The players are accused of using avoidance schemes to avoid paying tax owed, according to the Guardian.

HMRC has challenged a number of schemes that, it argued, took advantage of reliefs aimed at boosting investment in the British film industry.

Two of the film schemes being disputed, which were set up and run by the London firm Ingenious Media, had around 70 former and current footballers signed up, including David Beckham, Steven Gerrard, Wayne Rooney and Gary Lineker.

Those stars are all thought to be wealthy enough to cover any HMRC demands but the investors also included lesser famed and earning players, some of whom are seriously struggling to pay.

Xpro, the welfare organisation for former players, is representing 40 of those in dire straits, according to its chief executive Geoff Scott, who echoed some of them in blaming their financial advisers for targeting high-earning footballers and getting them to sign up to the schemes, which gave them large reductions in tax bills.

“I blame myself for trusting advisers – and I do think something should be done about them – and probably for being greedy as well, making a few grand from the taxman,” one player told the Guardian.

The footballers were among hundreds of wealthy investors who signed up in the early 2000s for similar investment schemes.

One such scheme, run by Ingenious Media, which the company is defending through the courts, attracted investors, including footballers, to the British film industry.

Investors’ money was often matched by twice as much in the form of a loan.
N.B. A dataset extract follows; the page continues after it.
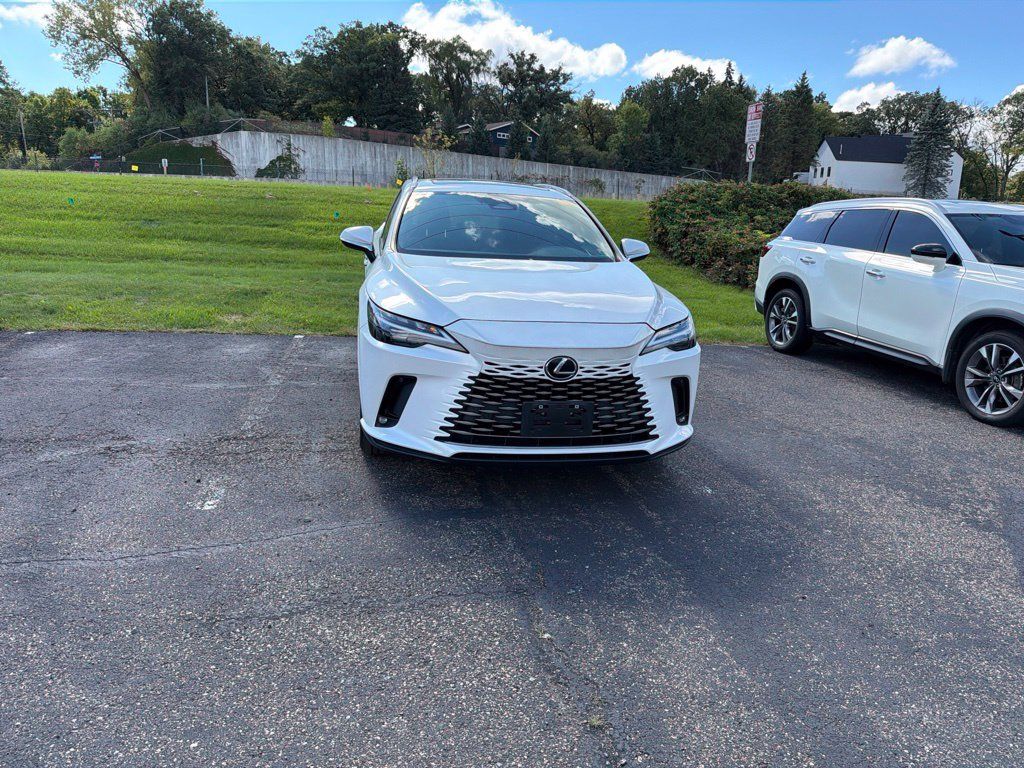 Used 2023 Lexus RX 350 Premium w/ Accessory Package AWD/4WD image 13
The value of each film was written down substantially in the first year, on the basis that films are risky ventures, and this produced a tax relief at the then higher rate of tax, 40%, of that first-year loss.

This tax relief could be as much as the actual cash the investor had put in, and could be used to reduce tax owing on other investments.

The tax reliefs paid to a total of eight schemes, which included those of Ingenious Media, now being disputed by HMRC amount to £1bn, which the tax man is demanding be repaid.